Our chosen spot in Red Sands was about an hour-and-a-half's drive, during which we drove through two quite heavy rain showers, peering up at the sky in the hope of spotting some blue between the black clouds as we went. By the time we got off the road and into the dunes the rain had stopped but the wind was picking up, and we spent around thirty minutes driving around, trying to find a suitably protected dip with dunes high enough to shelter us from the wind. Eventually we picked a spot: still not ideal and not great shelter, but by now the light was starting to fade and we needed to pitch tents 'n' stuff. Karen, Elliot and I
(Abigail is away on a school trip to Paris. We miss her terribly but get regular texts such as this morning's, "Bonjour! Had ham for breakfast Yay! Going to Eiffel Tower this morning.")
got busy putting our tent up while the others put off that task in favour of getting a fire going and setting up the tables and chairs. Our tent is one of those very lightweight ones with a built-in groundsheet: very easy to erect under normal conditions but flipping impossible in a blowing gale. We each stood there, holding a corner each with both hands and wondering what to do with the fourth corner, all the time unable to let go to reach for things like pegs and mallets for fear of the thing taking off into the storm. Each time we did manage to hammer a peg into the sand the wind ripped it out again. Just as we were wondering what to do Mother Nature gave us our answer by whipping up a quick sandstorm.

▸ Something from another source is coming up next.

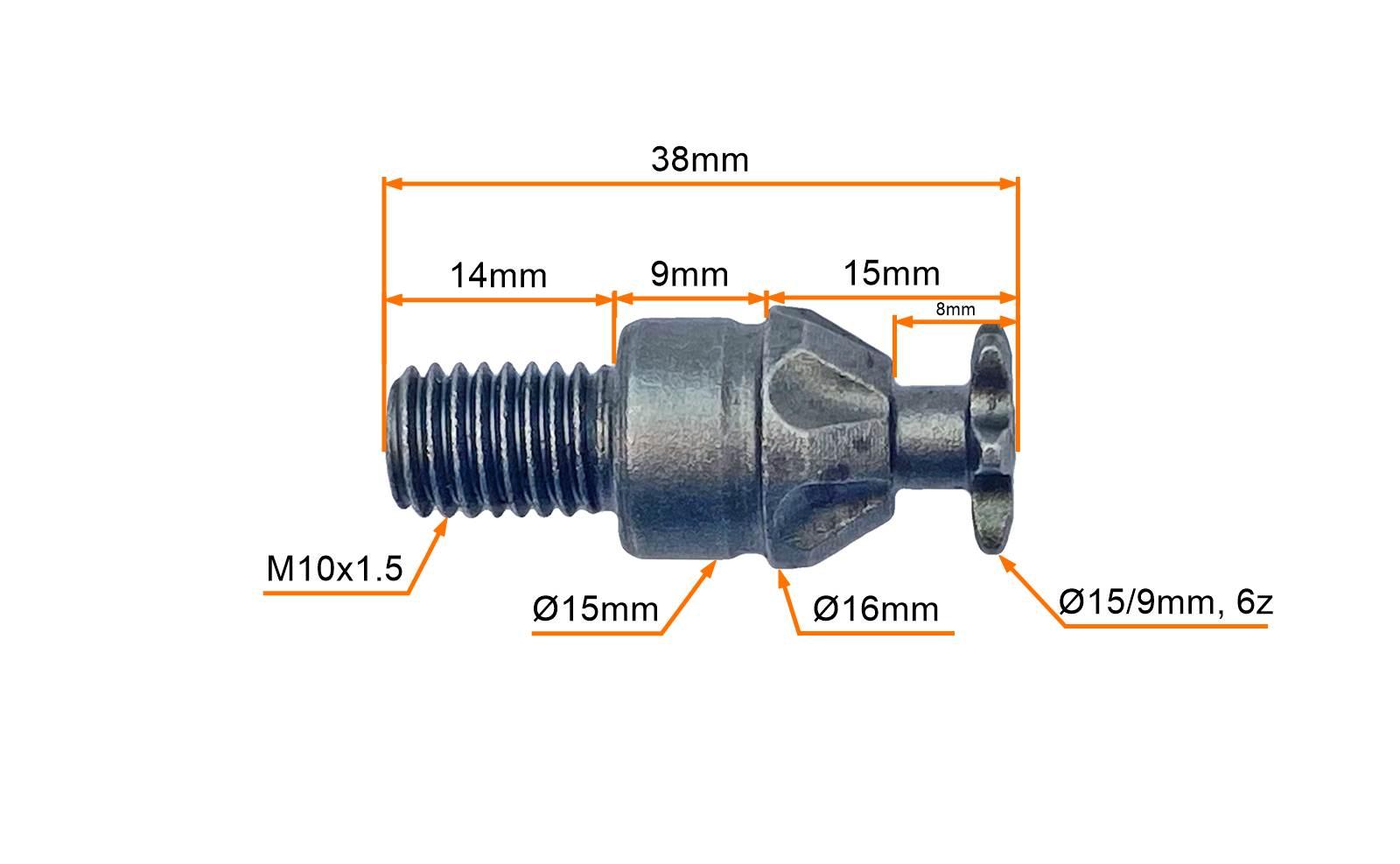 Zębatka Przód Z Wałkiem Pocket Bike 6 Zębów 25h MotoGeneric - zdjęcie 4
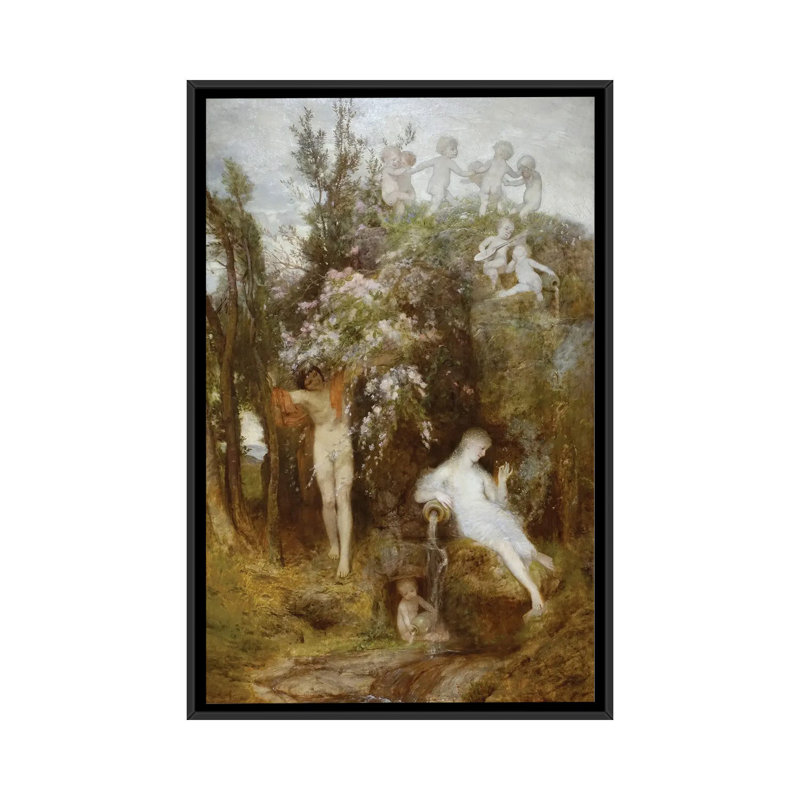 «Love Spring» - ABQ76, H 40 po x l 26 po, Noir, Impression sur toile flottante sans passe-partout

In the distance we could clearly see a tornado-shaped swirl of sand spinning towards us, and there was nothing for it but to run for cover: Karen, other Karen and me diving into our half-erected tent (at least our bodyweight will keep it on the ground), and all the others more sensibly jumping back into their cars. I could feel the sand whipping around my legs (which were sticking out of the tent), and grains of sand stung my face and eyes until I'd managed to zip the tent flap down as far as my knees. The three of us sat/stood there in what amounted to a giant Nylon bag, pouring drinks and spitting sand out of our mouths for the next few minutes until the sandstorm passed. At one point I left the tent and jumped in the car so I could get a couple of photos:
After that the evening's preparations continued: fires were lit, steaks were unwrapped. Before the sandstorm I had parked the car right next to the tent to try and shelter it further from the wind (didn't work), but Adrian helped me out by tying the tent to the car's roof rails with one of the guy ropes. At least now the two Karens could evacuate the tent without it taking flight.
It may be windy but we sure know how to pick a campsite: this one even has separate Ladies' and Gent's facilities!
As we got on with the picnic there were two or three light showers, which we sat out in, and as it got dark I began to wonder whether we'd actually end up sleeping in our tent-mess or if we'd choose the relative comfort of the Prado when the time came.
Neither was necessary, because a little while later poor Ali accidentally stepped on the charcoal fire with no shoes on and badly burned her foot. We sat her in the back of the car and the girls bathed it and cleaned it as best they could, but it quickly became obvious that she needed to go to hospital, so we promptly dismantled everything and threw all the gear into the nearest boot and headed home. I don't know if there is a Guinness World Record for the quickest de-camp ever but we must have been close. The drive back (over rough sand dunes and unlit roads in the dark and the wind and rain) was not fun, but Ali got the attention her foot needed and we all got to sleep in our own beds.
Being a Brit I'm used to changeable weather but Saudi has the UK beat when it comes to sudden and extreme change.